Folha de S. Paulo
Teto de endidividamento federal seria de 80%
do PIB e pode ser votado na semana que vem
Limite impediria BC de fazer política de
juros e exigiria cortes inviáveis na despesa
O Senado está
para votar um projeto que, aprovado, pode dar cabo da política monetária
do Banco Central,
da capacidade do BC de regular a taxa básica de juros,
a Selic.
De um dia para o outro. A resolução pode também criar crises tais como vemos
nos Estados Unidos quando a dívida do governo federal daquele país atinge um
certo limite, mas ainda piores.
Pois é o que propôs o senador Renan Calheiros (MDB-AL) em projeto de resolução do Senado, emendado pelo relator Oriovisto Guimarães (Podemos-PR). "Projeto de resolução" trata de "matéria da competência privativa do Senado", como determina a Constituição para limites de endividamento. Aprovou, acabou.
Na presente versão do texto, a dívida bruta
do governo central não poderia ultrapassar o equivalente a 80% do PIB. Trata-se
aqui da dívida geral dos governos descontadas as dívidas de estados e
municípios: perto de 74% do PIB.
Ou, então, a dívida não poderia ultrapassar
6,5 vezes a receita corrente líquida do governo federal. Dada uma receita
líquida de 12%, a dívida não poderia ultrapassar o equivalente ora a 78% do
PIB.
Se ultrapassado o limite da dívida, o
ministro da Fazenda teria de prestar contas. Muito além disso, o governo
federal estaria sujeito às restrições dos artigos 31 e 9 da Lei de
Responsabilidade Fiscal (LRF).
Diz o artigo 31 da LRF que, se a dívida
passar do limite, o governo deve levá-la de volta ao determinado pela lei em
três quadrimestres, com um corte inicial necessário de 25% no primeiro
quadrimestre depois do estouro. Para resumir uma história enrolada, para que isso
fosse possível seria necessário fazer cortes homéricos de despesas, tanto as
primárias como aquelas com juros.
No entanto, o artigo 9 da LRF diz que
"não serão objeto de limitação as despesas que constituam obrigações
constitucionais e legais do ente, inclusive aquelas destinadas ao pagamento do
serviço da dívida, e as ressalvadas pela lei de diretrizes orçamentárias".

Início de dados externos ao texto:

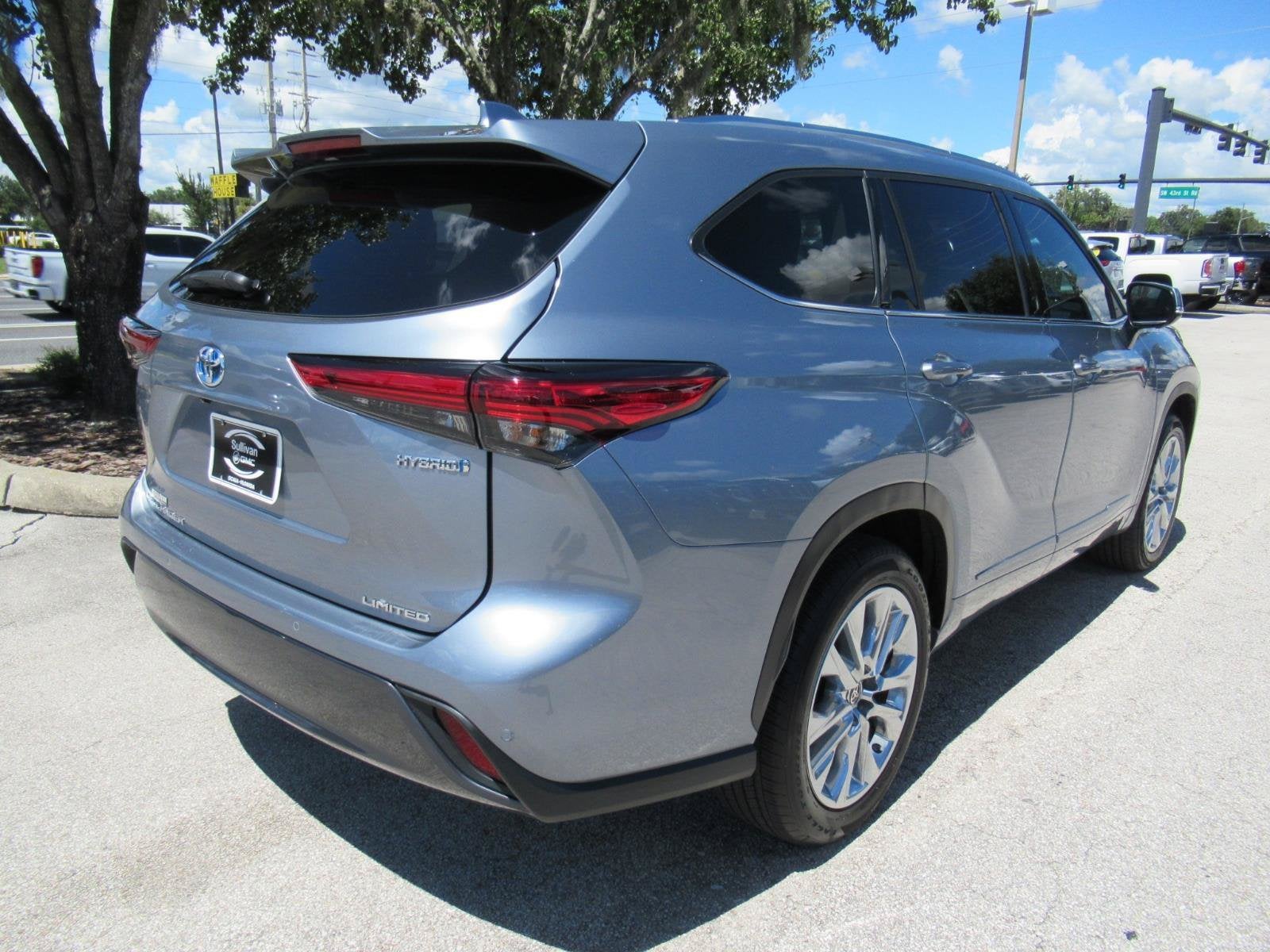 2023 Toyota Highlander Hybrid Limited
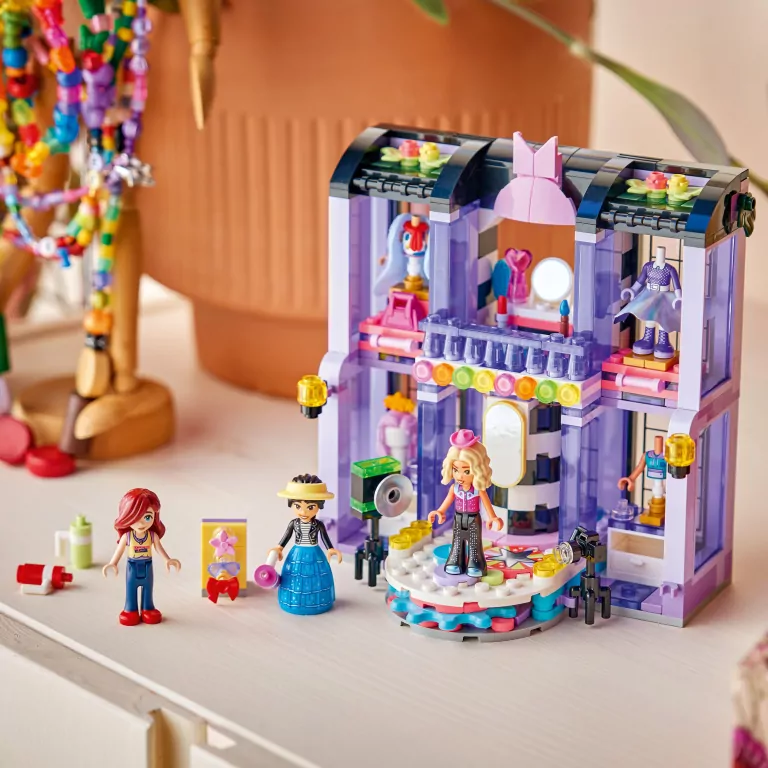 LEGO® Friends. Pokaz mody w mieście Heartlake 42685 - tantis.pl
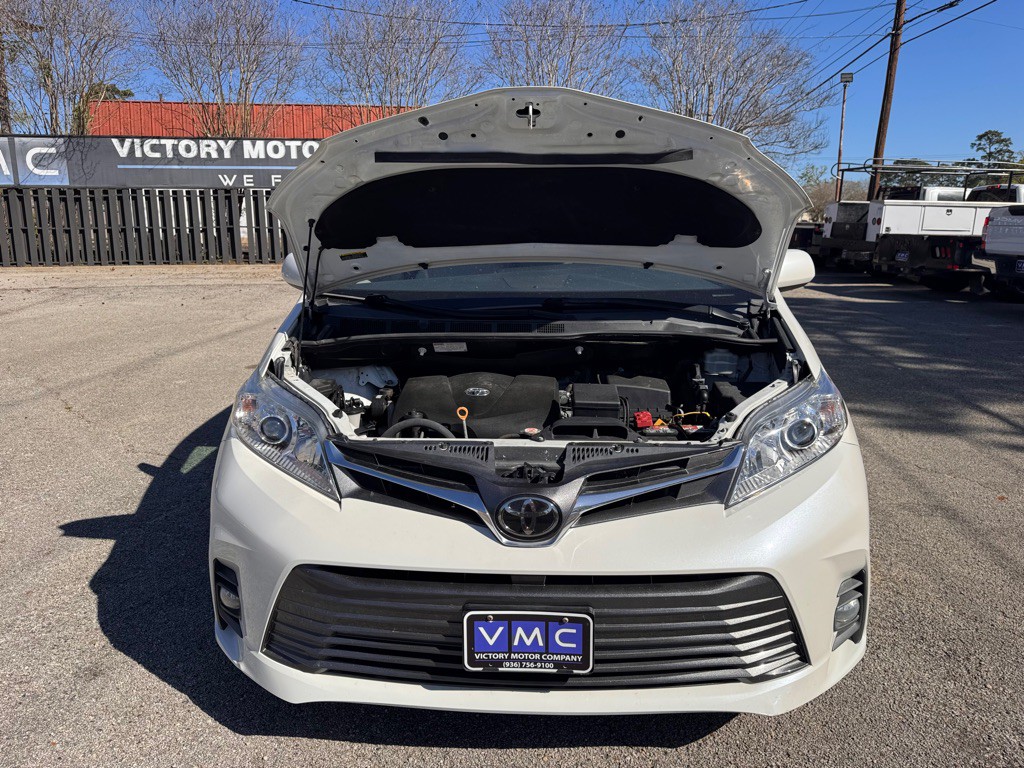 2020 Toyota Sienna Image 9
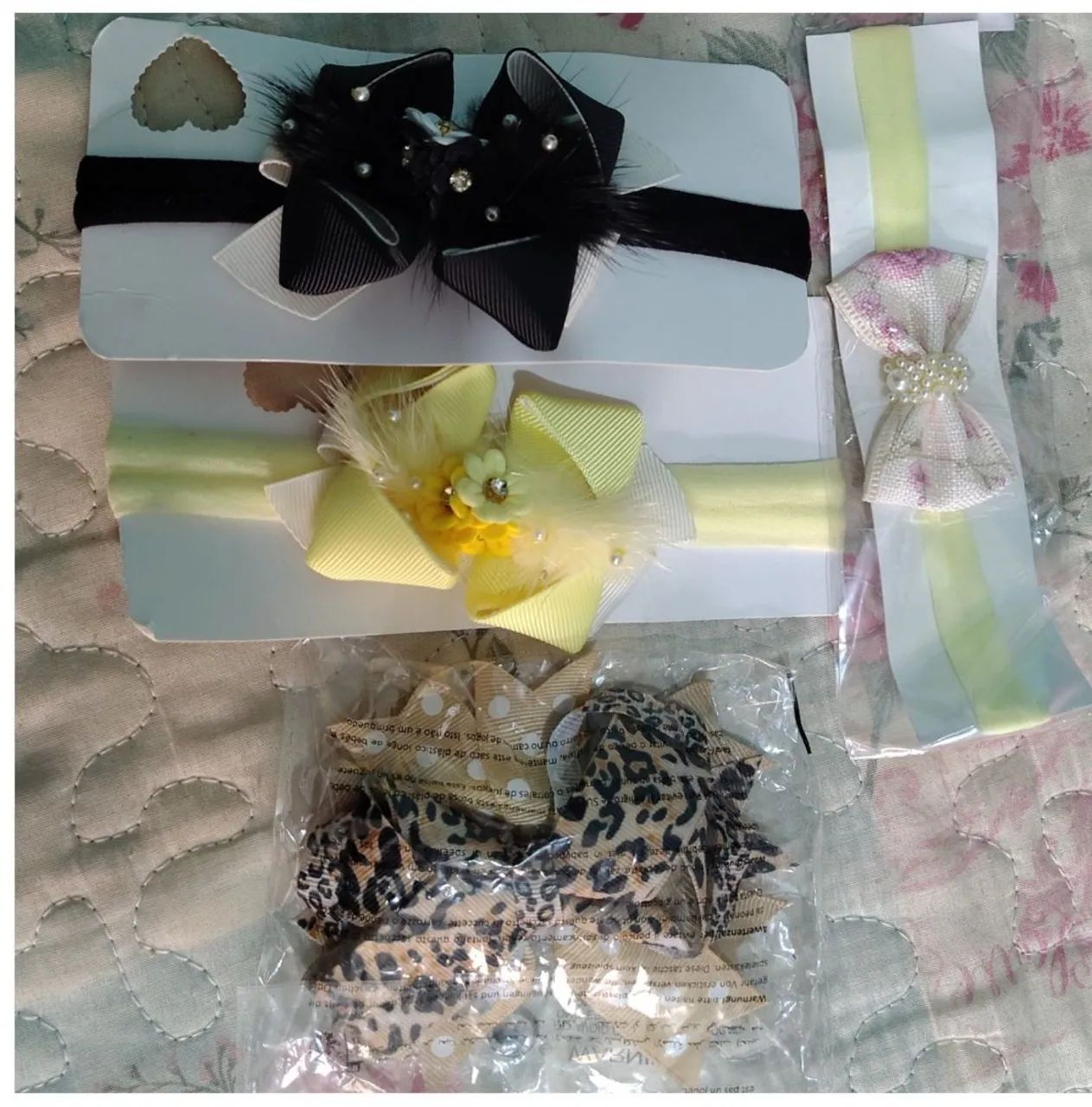 Vendo laços e chupeta Mam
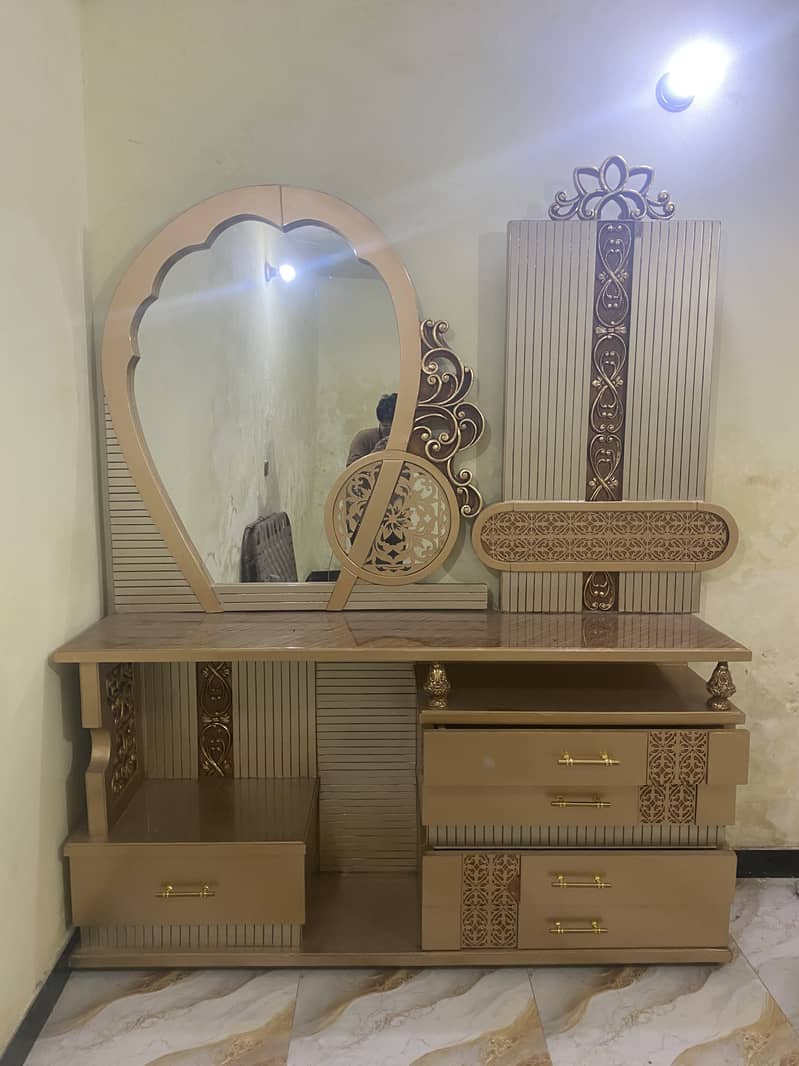 Dressing table 0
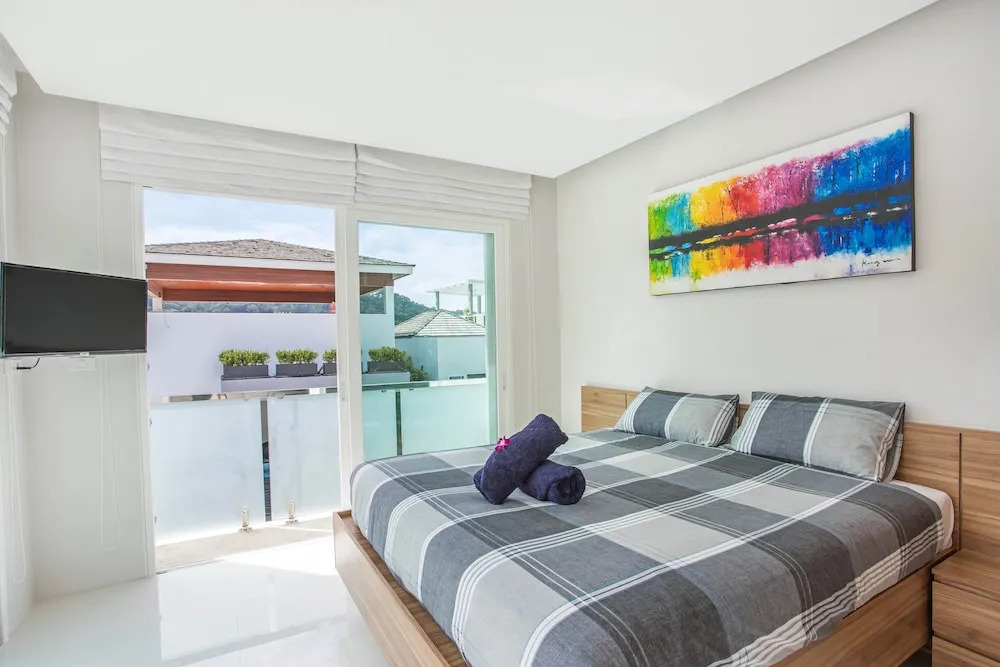 Elegant Designer 4BR Pool Villa Skylight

Não é possível, é como tirar a meia sem tirar
o sapato, não há meios legais de cortar despesas obrigatórias, o grosso da
despesa. Congresso e governo nem ao menos diminuem o ritmo de crescimento de
despesas que estouram qualquer tentativa de teto de gastos (não de dívida),
como o teto de Michel Temer ou o de Luiz Inácio Lula da
Silva, o "arcabouço fiscal".
Fica pior. Estourado o teto da dívida, o
governo "...estará proibido de realizar operação de crédito interna ou
externa, inclusive por antecipação de receita, ressalvado o refinanciamento do
principal atualizado da dívida mobiliária [isto é, pagar dívida com dívida
nova, "rolar"]".
A fim de manter a taxa Selic na meta definida
nas reuniões do Copom,
o BC precisa tirar ou colocar fundos no mercado de dinheiros entre bancos. Para
tanto, grosso modo compra e vende títulos públicos (faz dívida). Atingido o
teto da dívida, dá-se cabo dos meios convencionais de fazer política monetária.
Falando francamente, caso seja aprovada essa resolução, as finanças do país
iriam logo para o vinagre.
Fernando Haddad disse, de modo gentil, que
não dá pé. "A regra que está sendo proposta... penso que não vai trazer os
melhores resultados. Isso pode ser objeto de um seminário com economistas.
Sugeri a ele [Calheiros] que fizéssemos um seminário com economistas de várias
escolas para dizer a opinião a respeito disso".
De tão disparatada, parece coisa que não vai
para a frente. Convém não bobear, porém.